The center is located at the former Fletcher Paper Mill, a historic property that was renovated with an initial investment of $2.5 million from NOAA, made available with the assistance and support of Senator Carl Levin. The agency signed a 20-year lease with the building’s owner, Alpena Marc, L.L.C., in September 2004. The center is the anchor of a major redevelopment along the Thunder Bay River that will also include a hotel and convention center, retail space, condominiums and restaurants.
“The Great Lakes Maritime Heritage Center will offer resources to maritime historians and researchers that are unparalleled in this region,” said Jeff Gray, manager of Thunder Bay National Marine Sanctuary. “It will be an attraction for visitors from around the nation, offering innovative educational opportunities through real-time video links to shipwrecks and interactive exhibits.”
The center will have temporary exhibits that will open in late October and will be open from 9 a.m. to 5 p.m. on weekdays. The permanent exhibit will open early in 2007.

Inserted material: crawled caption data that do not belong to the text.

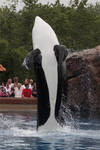 9551 - Kiska 9551 - Kiska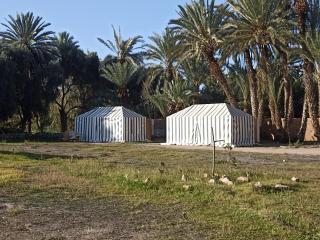BIVOUAC Sous Les Palmiers Bleus - - 9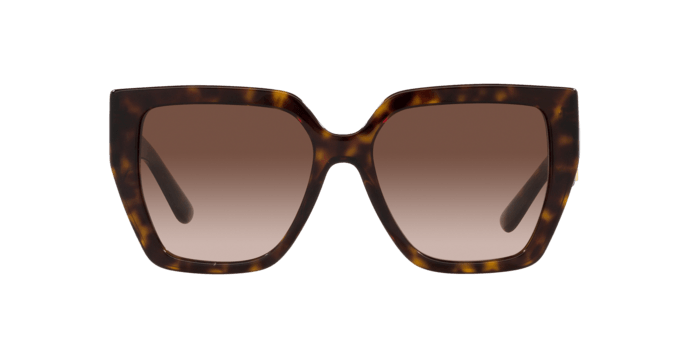 Dolce & Gabbana | 4438 | Havana - iKANDi Sunglasses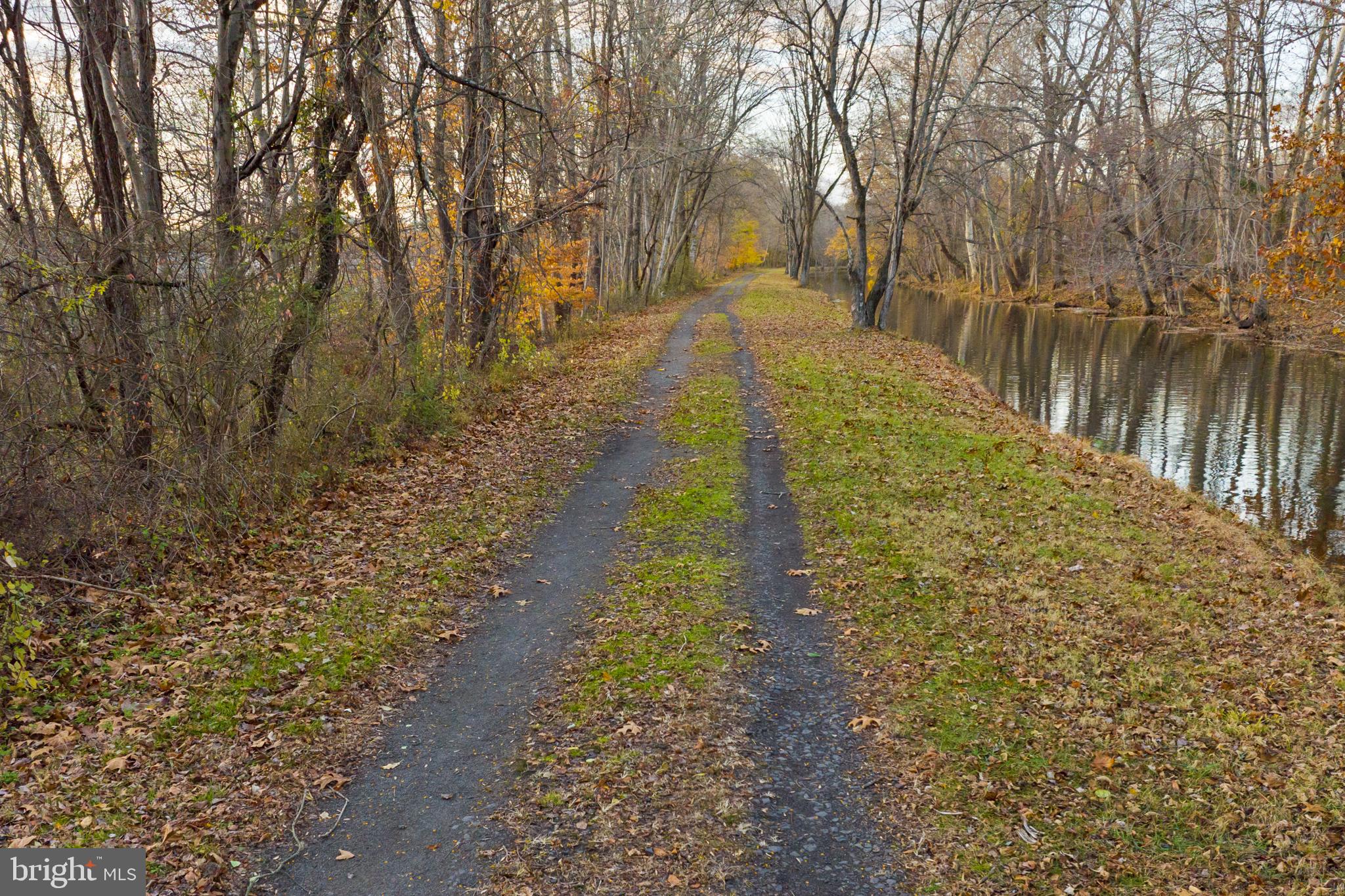 12 Jacob Court Ewing, NJ 08628 - Photo 32 of 45 a view of a yard with large trees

The 448-square-mile Thunder Bay National Marine Sanctuary was established in 2000 to protect an estimated 200 historically significant shipwrecks ranging from nineteenth century wooden side-wheelers to twentieth century steel-hulled steamers. Located in Lake Huron, the sanctuary brings to the American public the lore of Great Lakes maritime heritage through exploration, education and research.
NOAA’s National Marine Sanctuary Program (NMSP) manages the National Marine Sanctuary System, which includes 13 national marine sanctuaries and one coral reef ecosystem reserve that together encompass more than 150,000 square miles of America’s ocean and Great Lakes natural and cultural resources. The NMSP seeks to increase the public awareness of America’s marine environment and maritime heritage by conducting scientific research, monitoring, exploration and educational programs.
NOAA’s National Ocean Service manages the NMSP and is dedicated to exploring, understanding, conserving and restoring the nation’s coasts and oceans. The National Ocean Service balances environmental protection with economic prosperity in fulfilling its mission of promoting safe navigation, supporting coastal communities, sustaining coastal habitats and mitigating coastal hazards.
NOAA, an agency of the U.S. Commerce Department, is dedicated to enhancing economic security and national safety through the prediction and research of weather and climate-related events and providing environmental stewardship of our nation’s coastal and marine resources. Through the emerging Global Earth Observation System of Systems (GEOSS), NOAA is working with its federal partners and nearly 60 countries to develop a global monitoring network that is as integrated as the planet it observes.